**TASK DIRECTIONS:** Transcribe exactly the lines below that begin at the line with "Podna lampa ATLANTA 1xE27/60W/230V" and stop after the line with "Agencja Restrukturyzacji i", leaving out every picture.

------

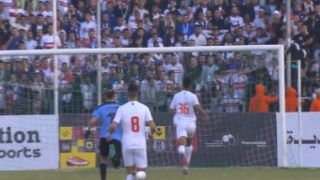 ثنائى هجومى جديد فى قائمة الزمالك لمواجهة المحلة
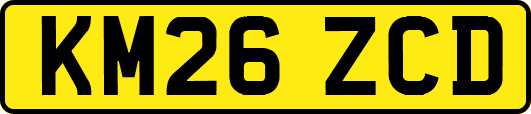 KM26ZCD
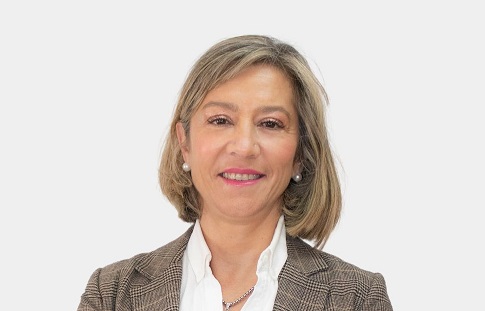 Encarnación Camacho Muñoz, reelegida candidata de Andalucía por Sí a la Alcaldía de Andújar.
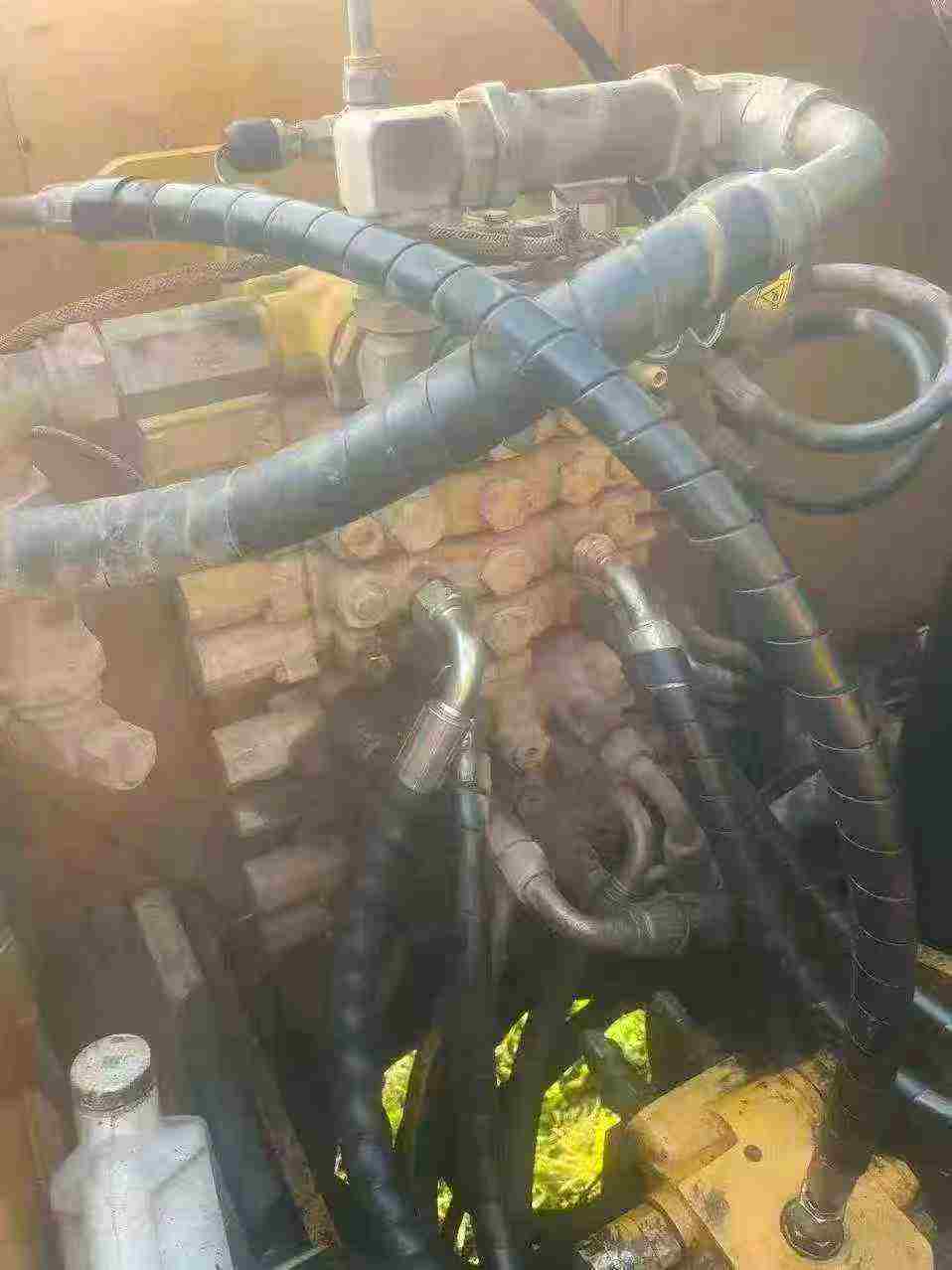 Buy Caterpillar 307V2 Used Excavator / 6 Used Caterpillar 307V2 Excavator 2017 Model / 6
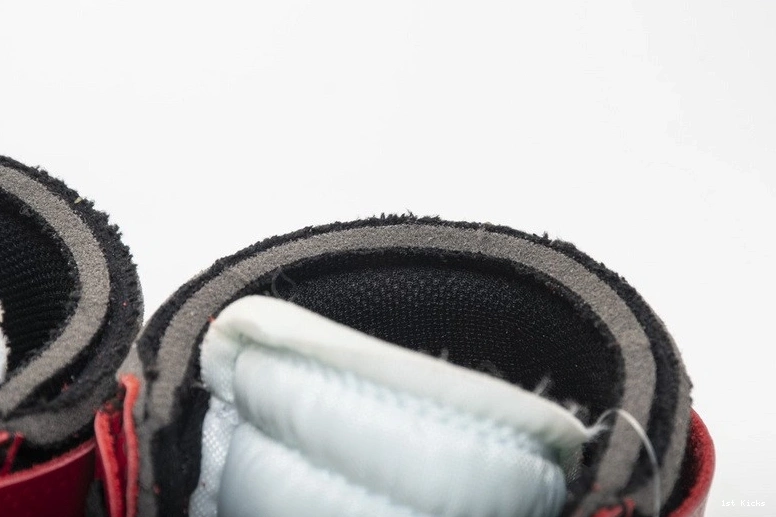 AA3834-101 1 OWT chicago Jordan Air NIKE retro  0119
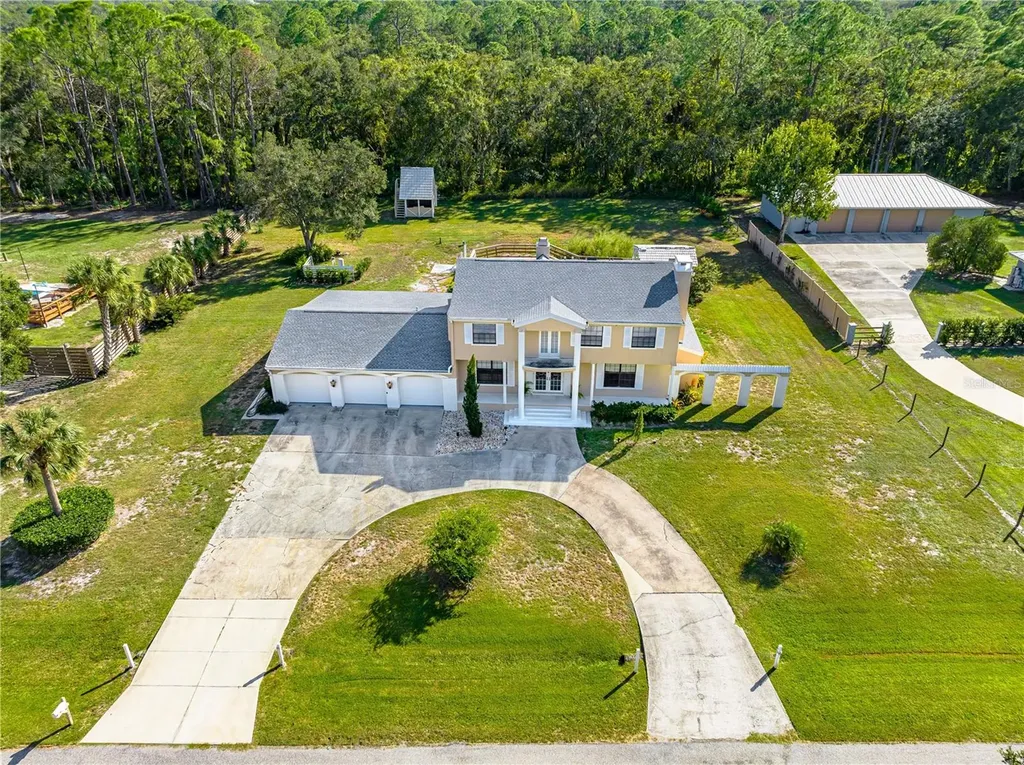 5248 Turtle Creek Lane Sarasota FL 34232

------

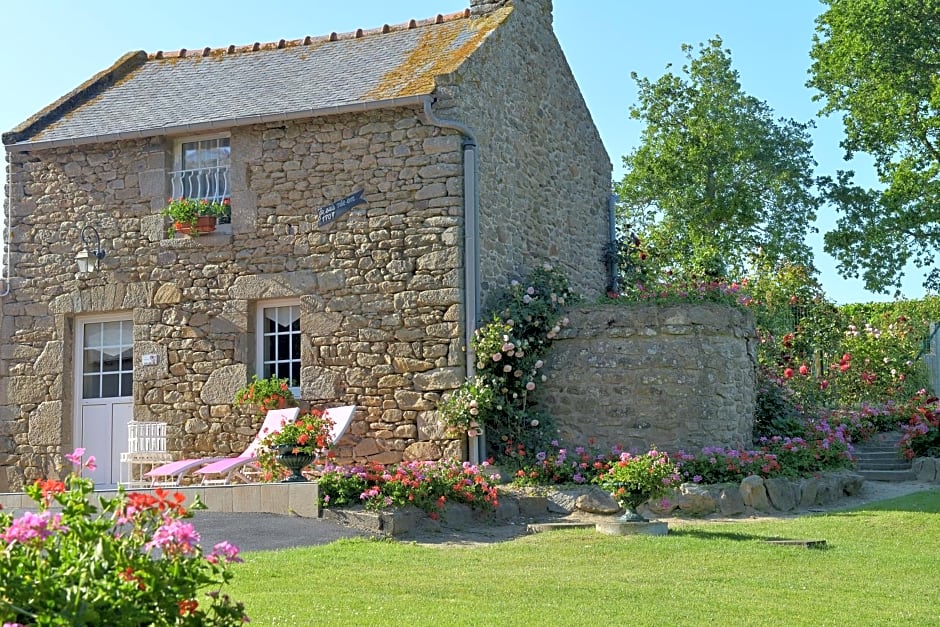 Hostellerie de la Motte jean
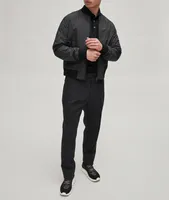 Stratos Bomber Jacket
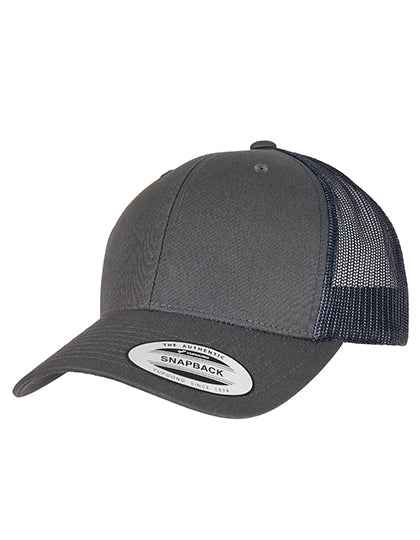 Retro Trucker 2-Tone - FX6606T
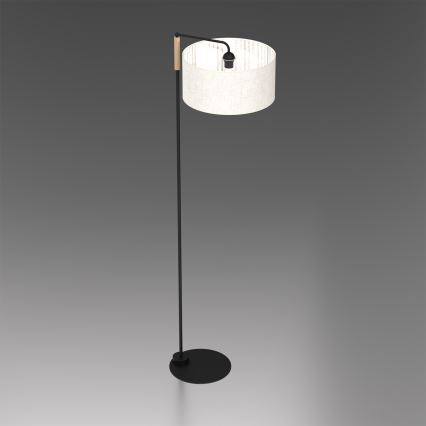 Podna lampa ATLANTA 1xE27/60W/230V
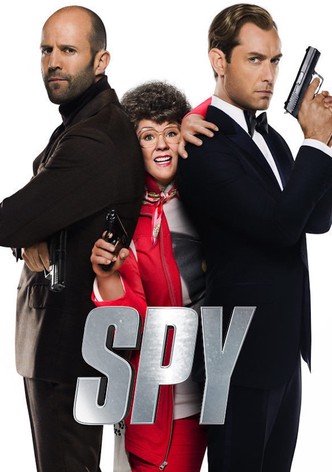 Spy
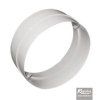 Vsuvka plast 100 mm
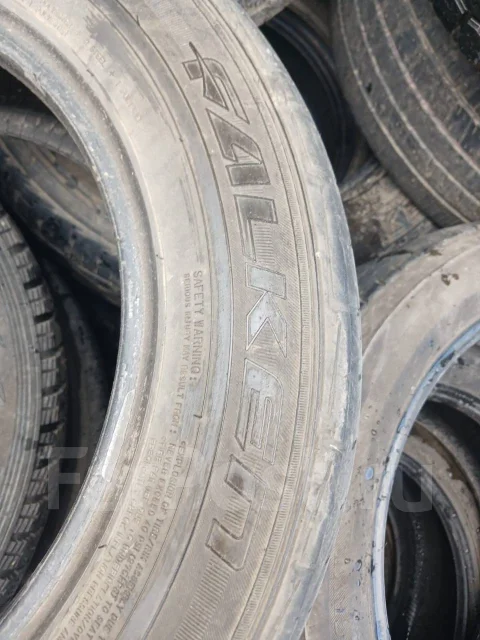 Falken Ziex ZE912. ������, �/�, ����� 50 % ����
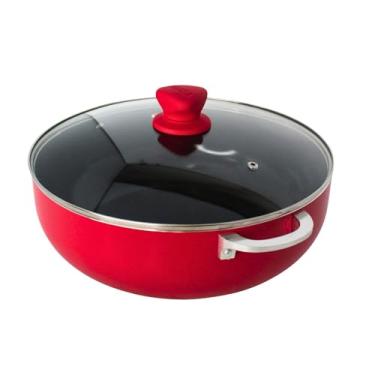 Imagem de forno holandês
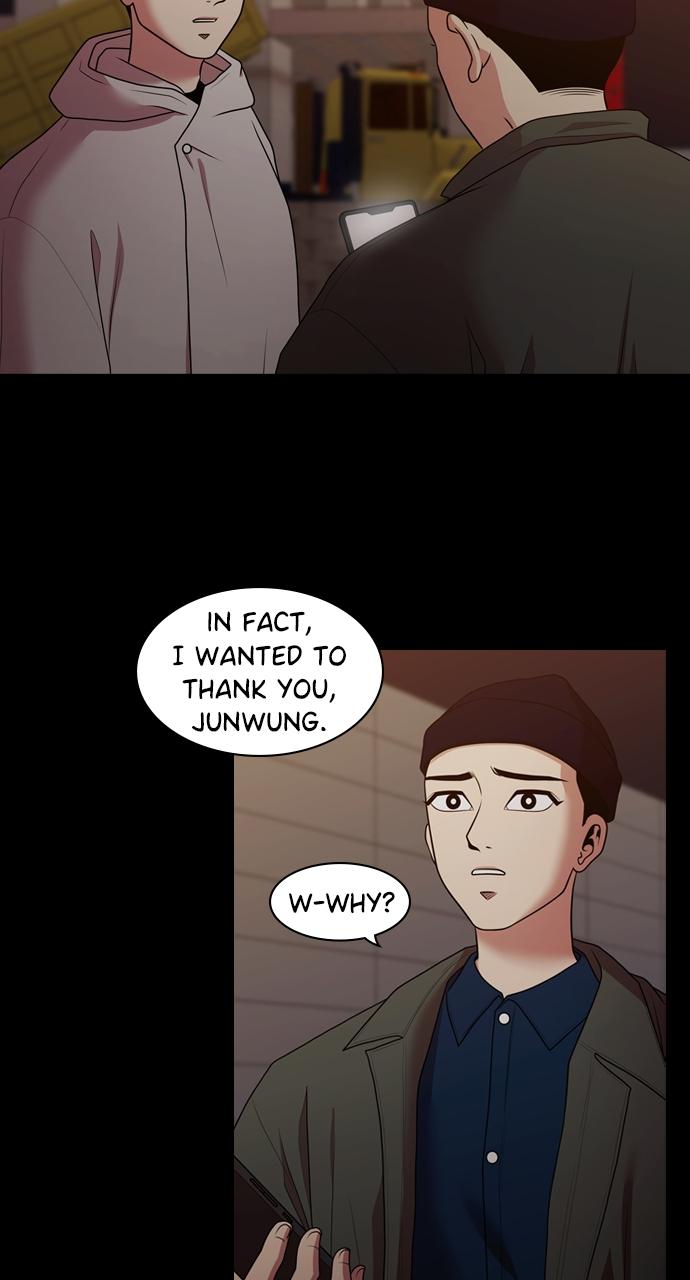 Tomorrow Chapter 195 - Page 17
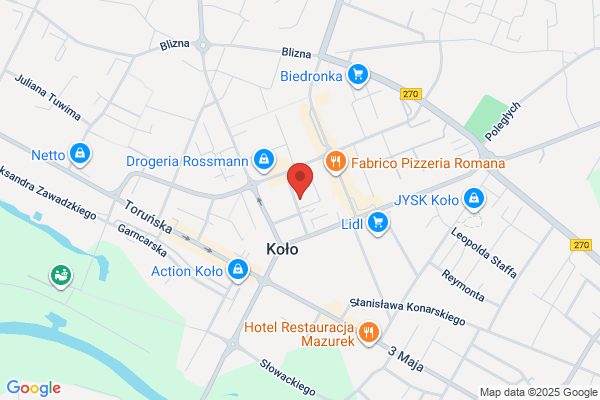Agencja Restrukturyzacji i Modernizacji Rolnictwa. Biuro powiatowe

------

**PROBLEM SOLUTION:**
 Podna lampa ATLANTA 1xE27/60W/230V
 Spy
 Vsuvka plast 100 mm
 Falken Ziex ZE912. ������, �/�, ����� 50 % ����
 Imagem de forno holandês
 Tomorrow Chapter 195 - Page 17
Agencja Restrukturyzacji i Modernizacji Rolnictwa. Biuro powiatowe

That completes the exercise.